(Record set)
□ □ □ □

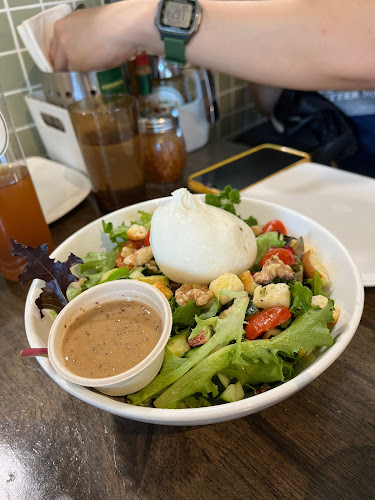 Comentarii opinii despre Fernando's Pizza @ Margaret Drive | Singapore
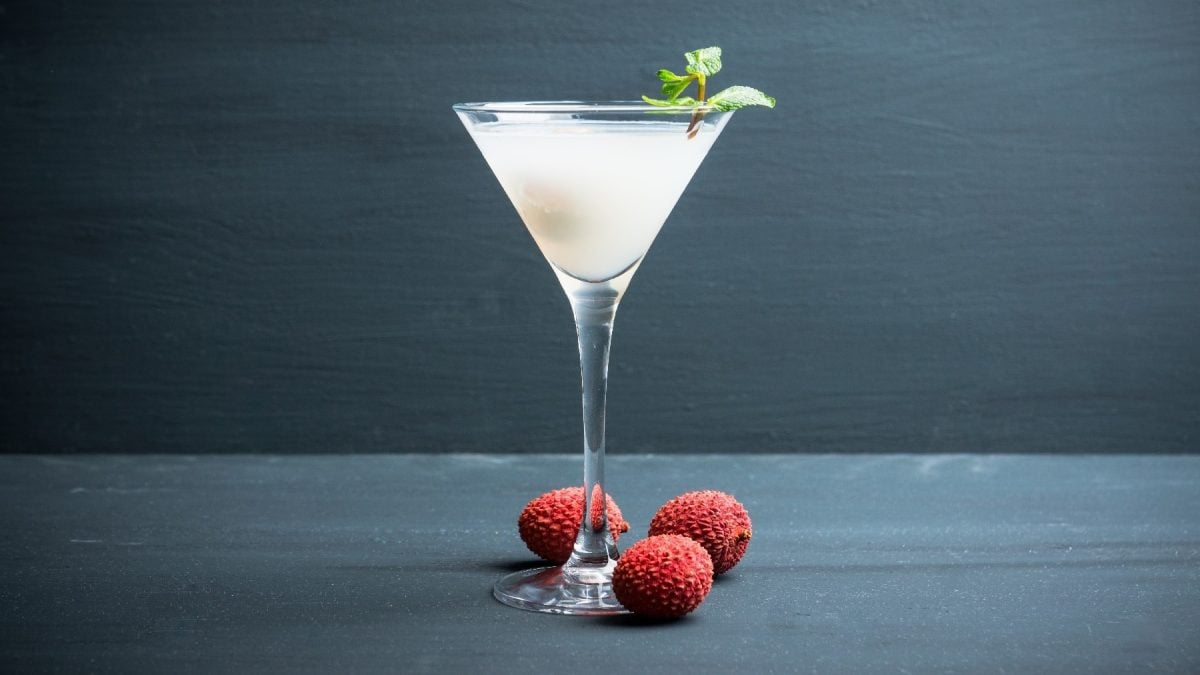 EIn Glas mit Lychee Martini mit frischen Litschis.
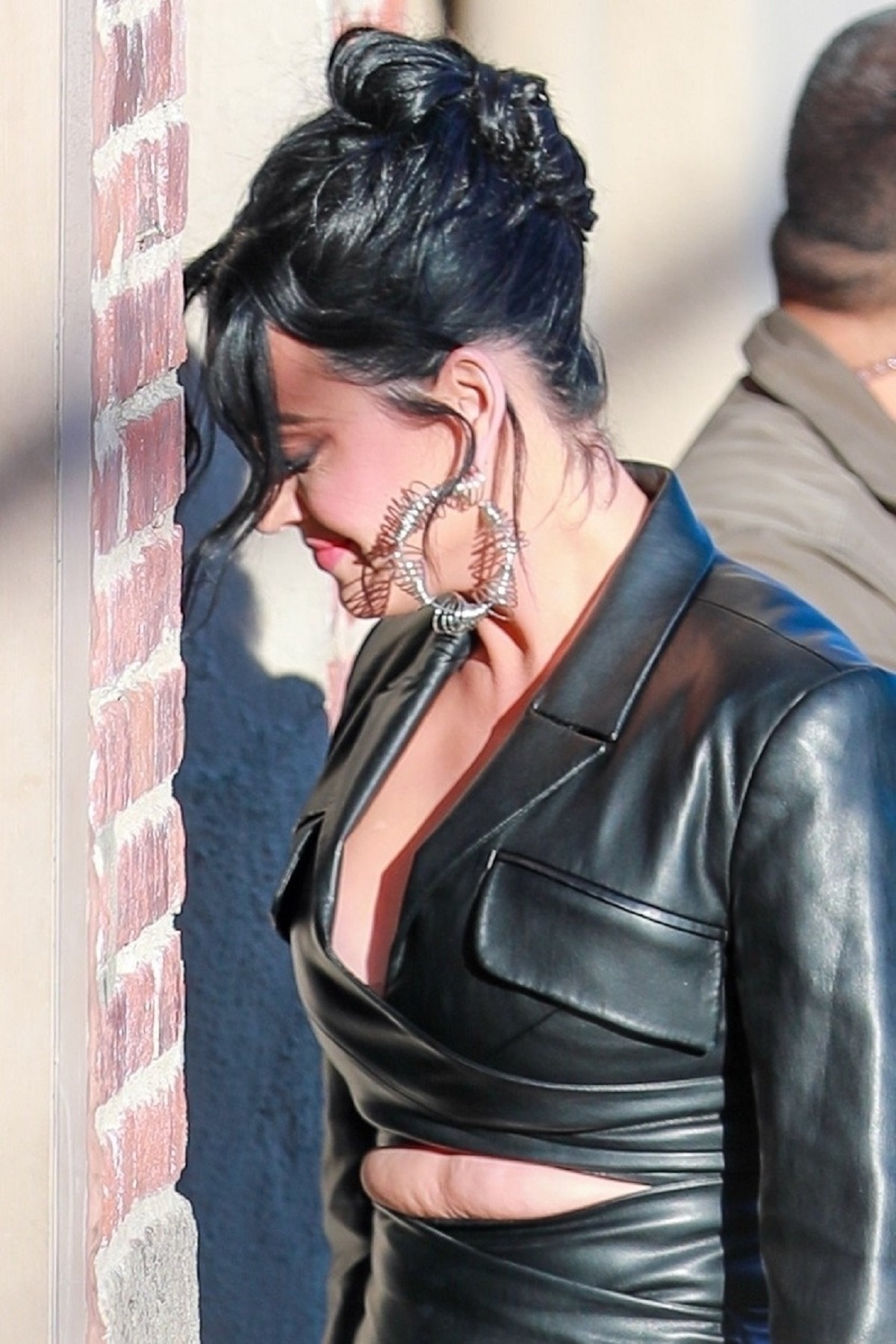 Katy Perry și-a lăsat la vedere abdomenul într-un costum din piele negru
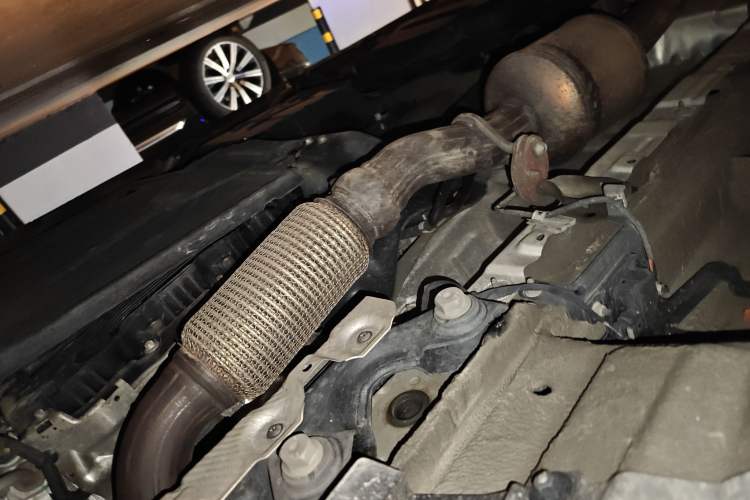 Used Mercedes-Benz V-Class 2022 V 260 Avantgarde Edition Chassis Front Right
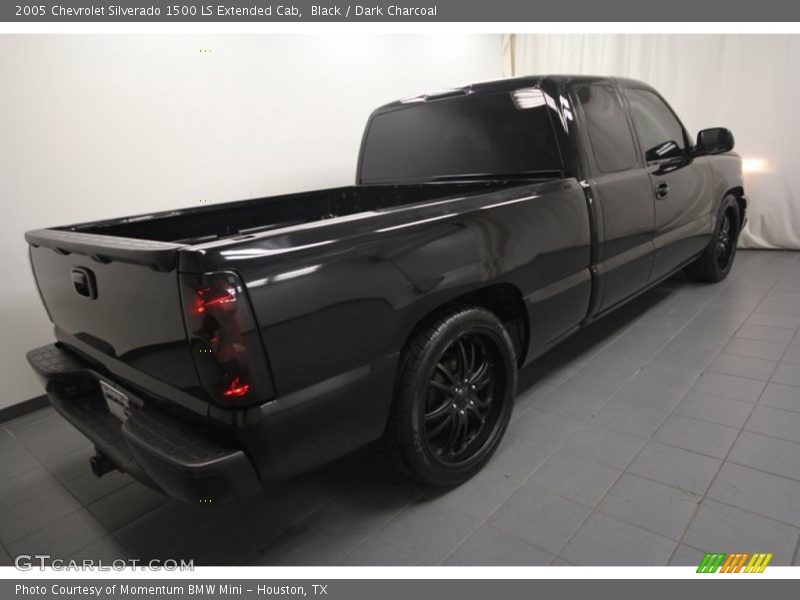 Black / Dark Charcoal 2005 Chevrolet Silverado 1500 LS Extended Cab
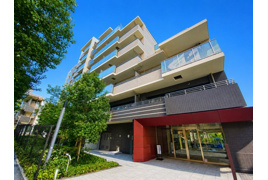 グランロジュマン豊中少路　B棟の外観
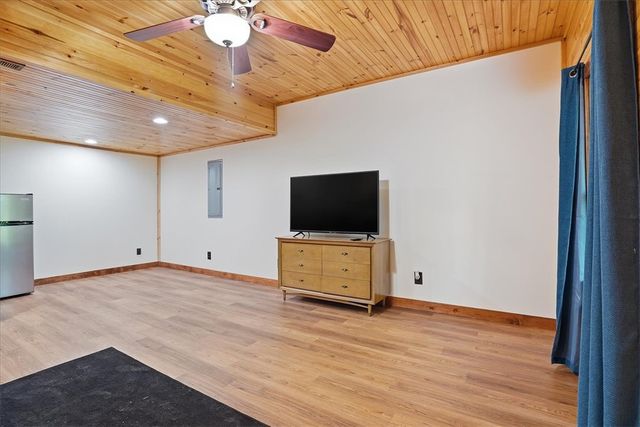 4 Matthews Creek Lane, Cleveland, SC 29635
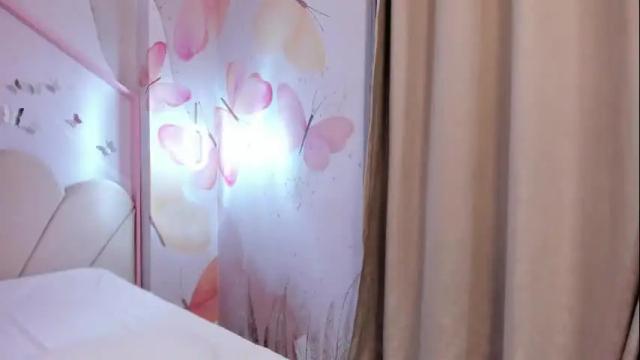 Image 2 of daphne_fox_ Stream on Chaturbate on 17 days ago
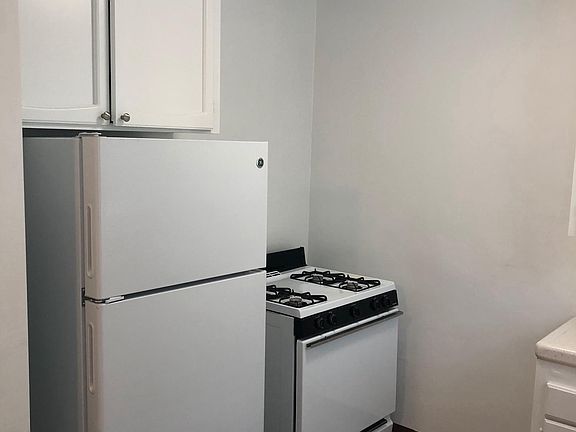 3rd image of 4363 Texas St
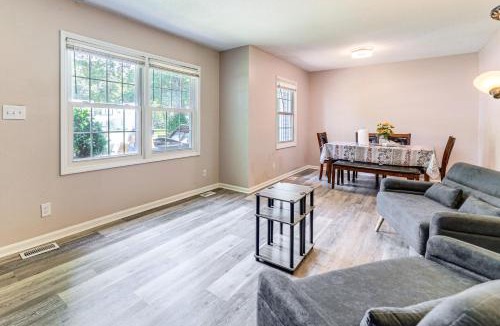 Jacksonville House | Jacksonville Retreat w/Yard near Base & Beach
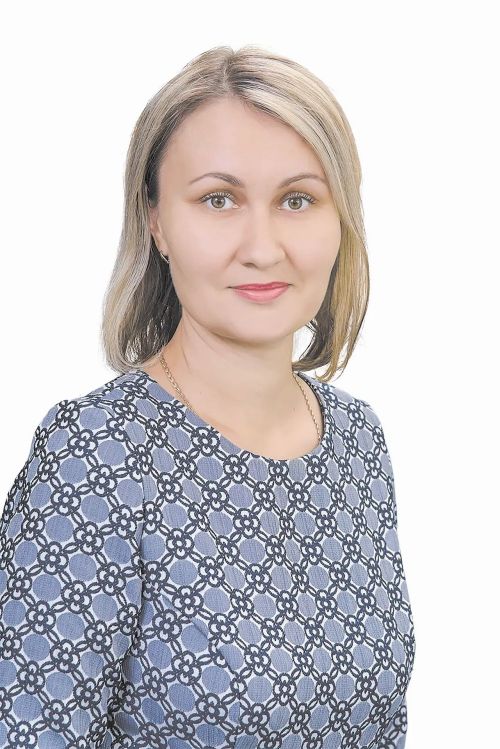 Лицеисты Лениногорска благодарят классного руководителя за удивительный дар учить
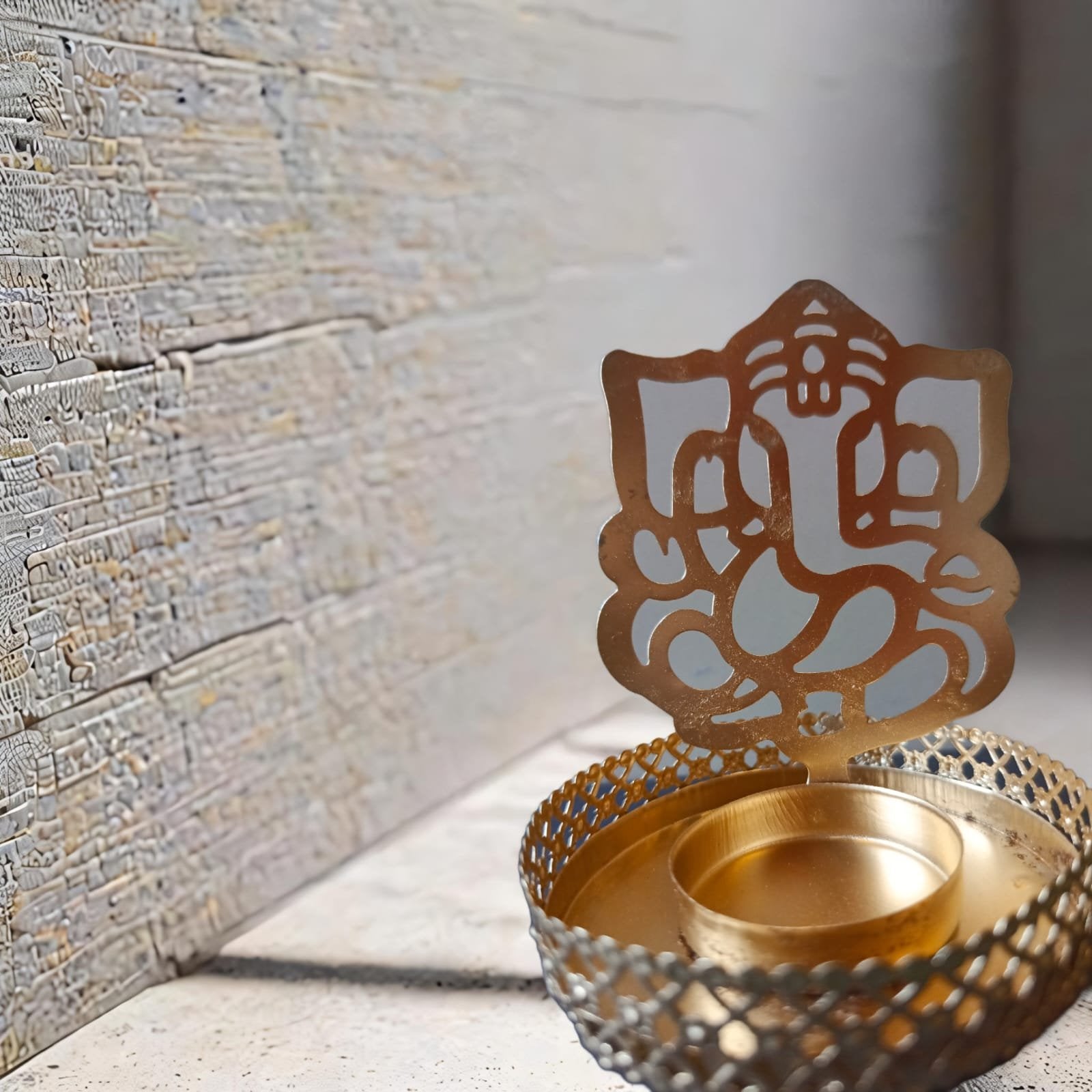 Designer Metal T lite Holder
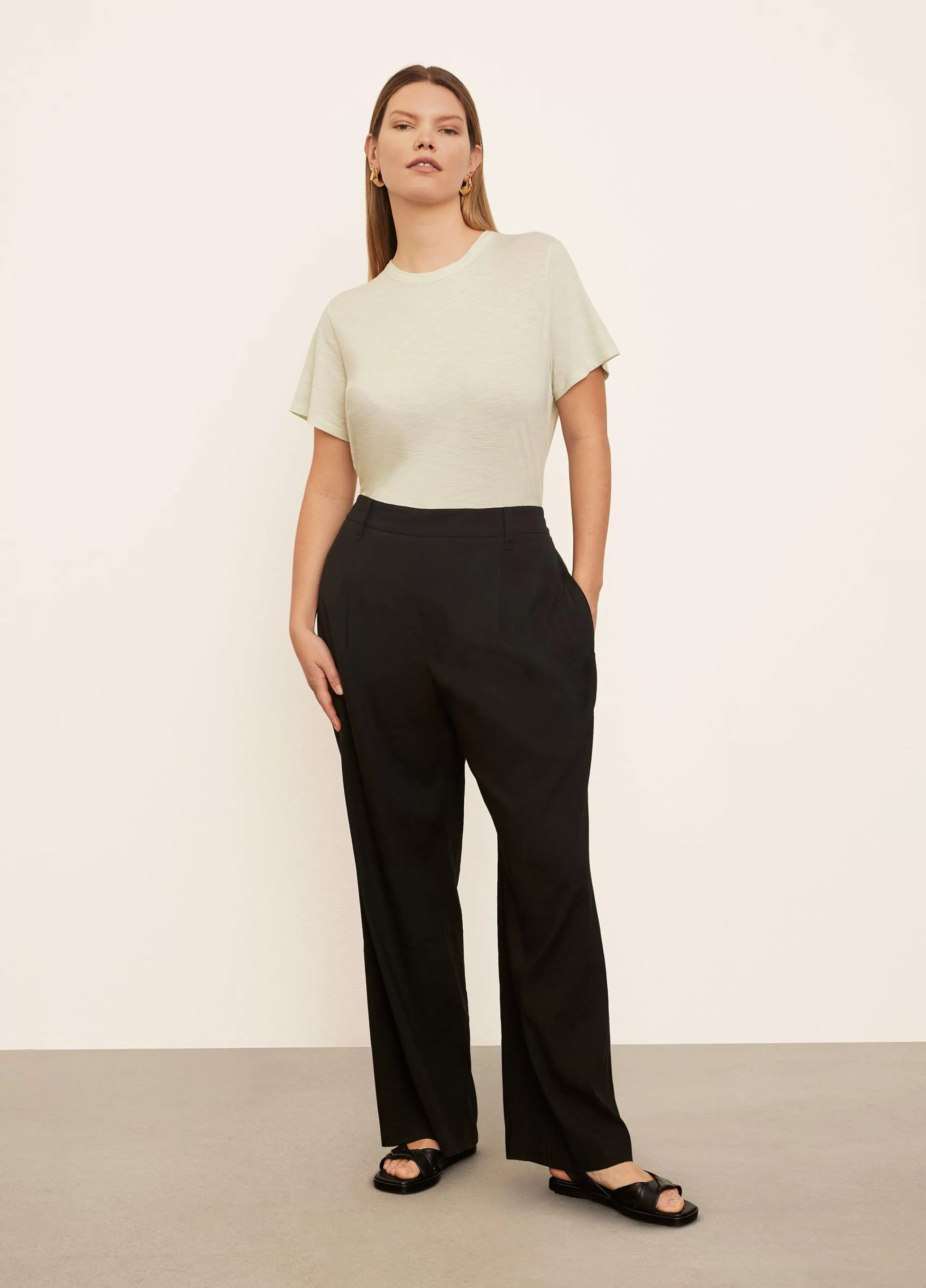 Women Vince Pleat-Front Pull-On Pant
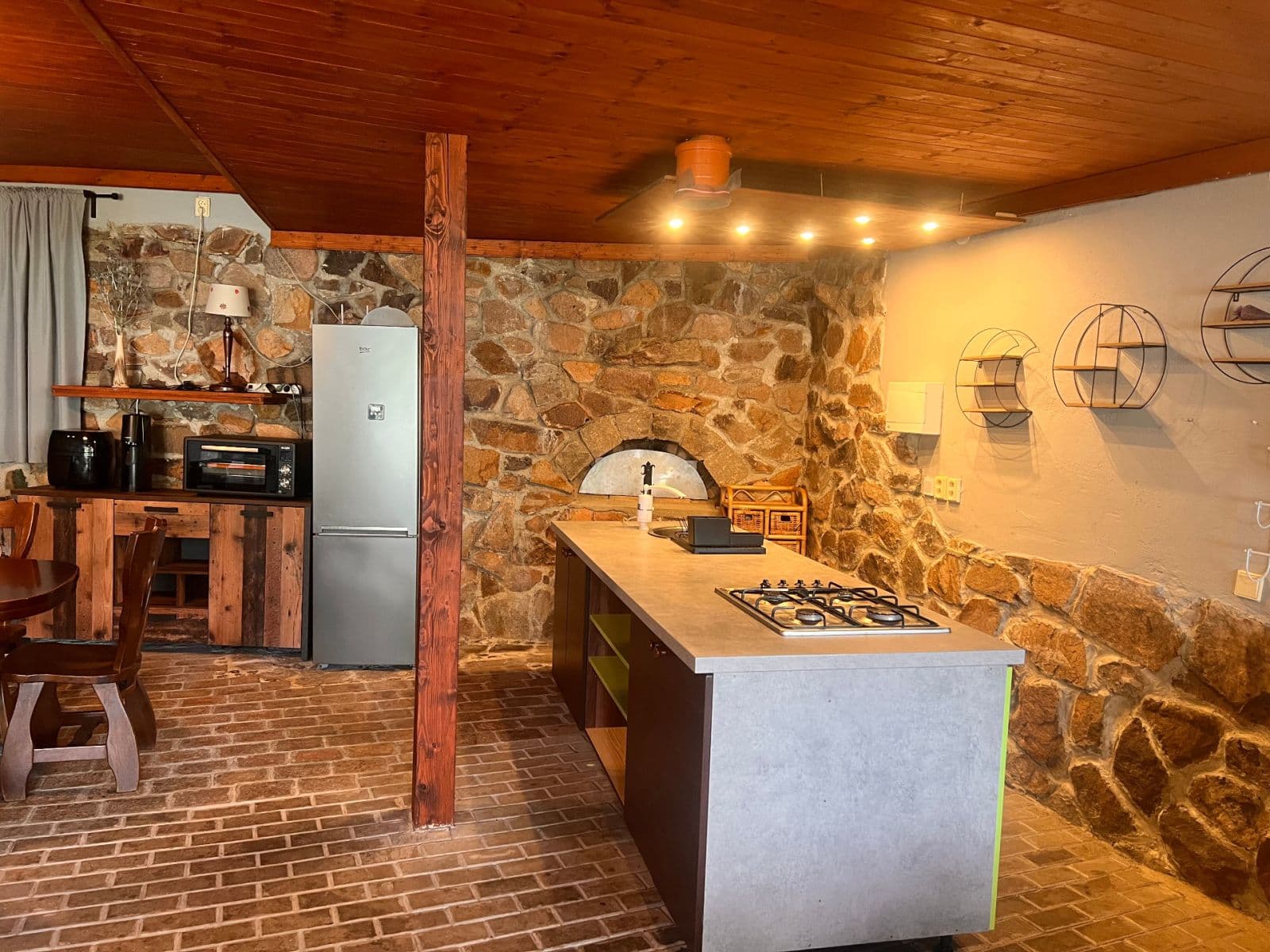 Predaj rekreačného objektu 145 m², pozemok 1.134 m², Hrob, Ústecký kraj Predaj rekreačného objektu 145 m², pozemok 1.134 m², Hrob, Ústecký kraj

□ □ □ □

(Exercise directions)
Repeat exactly the lines from the one containing "グランロジュマン豊中少路　B棟の外観" to the last line of the data above, both included, and write no pictures into the copy.

(Your solution)
 グランロジュマン豊中少路　B棟の外観
 4 Matthews Creek Lane, Cleveland, SC 29635
 Image 2 of daphne_fox_ Stream on Chaturbate on 17 days ago
 3rd image of 4363 Texas St
 Jacksonville House | Jacksonville Retreat w/Yard near Base & Beach
 Лицеисты Лениногорска благодарят классного руководителя за удивительный дар учить
 Designer Metal T lite Holder
 Women Vince Pleat-Front Pull-On Pant
 Predaj rekreačného objektu 145 m², pozemok 1.134 m², Hrob, Ústecký kraj Predaj rekreačného objektu 145 m², pozemok 1.134 m², Hrob, Ústecký kraj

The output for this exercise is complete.